【「東大宇宙博士」がズバリ解説!】スペースXが狙う「100万人火星移住」は本当に実現可能なのか? 成功のカギを握る“3つのもの”とは?
さらに、化学の視点で見ると、水は「H₂O」。分解すると、「酸素」と「水素」を得ることができます。 呼吸に必要な酸素は、水が十分にあれば手に入るということです。 酸素にはもう1つ重要な使い道があります。 その使い方とは、ロケットの酸化剤です。さらに、水素はロケットの燃料になります。 燃料と酸化剤があれば、ロケットは飛ぶ。 つまり、水があれば、地球に帰還するロケットを飛ばすことができるということです。
■「いかに現地調達できるか」が移住のカギ 月・火星移住には「基地」「酸素」「水」が不可欠ですが、これらすべてを地球から運ぶのは、莫大なコストがかかるので現実的ではありません。 移住実現のためには、いかに必要な物資を現地調達できるかにかかっています。 まず、「基地」の場合、月や火星の砂から建築資材をつくる研究が行われています。 そして、「酸素」については、月の砂や火星の大気から調達することが検討されていて、すでにNASAが火星の大気中の二酸化炭素から酸素を取り出す実験を成功させています。
「CO₂」を分解して酸素を得るということですね。 では、肝心の「水」はどのように調達できるのでしょうか。 月の砂には水分が含まれていると期待されていましたが、いまのところ地球の砂漠以上にカラッカラに乾いていることがわかっています……。 火星には北極・南極に「水の氷」があるとわかっていますが、基地をつくるには寒すぎるため、人が利用しやすい形で大量の水が集中している場所がないか、いまこの瞬間にも探査機が探しまわっています。

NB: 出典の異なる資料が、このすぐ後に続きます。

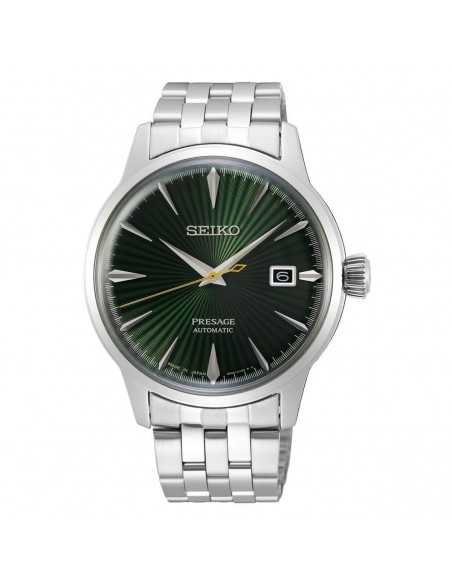 Seiko Presage Cocktail "Cocktail Time Mockingbird" Automático 4R35 Verde SRPE15J1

基地をつくる技術開発、酸素をつくる工学実験、水を探す科学研究、現地調達に向けた取り組み……。こうした挑戦は世界中で続けられており、月・火星移住は現実味を帯びてくることになります。 ■「火星都市計画」実現に向けた問題点は… いざ、火星に移住できるとなった場合、倫理的な側面からも考えるべきことがあります。 火星からすると地球人は外来種です。地球から持ち込まれた菌が、そこにいるかもしれない火星の生態系を壊さないようにする必要があります。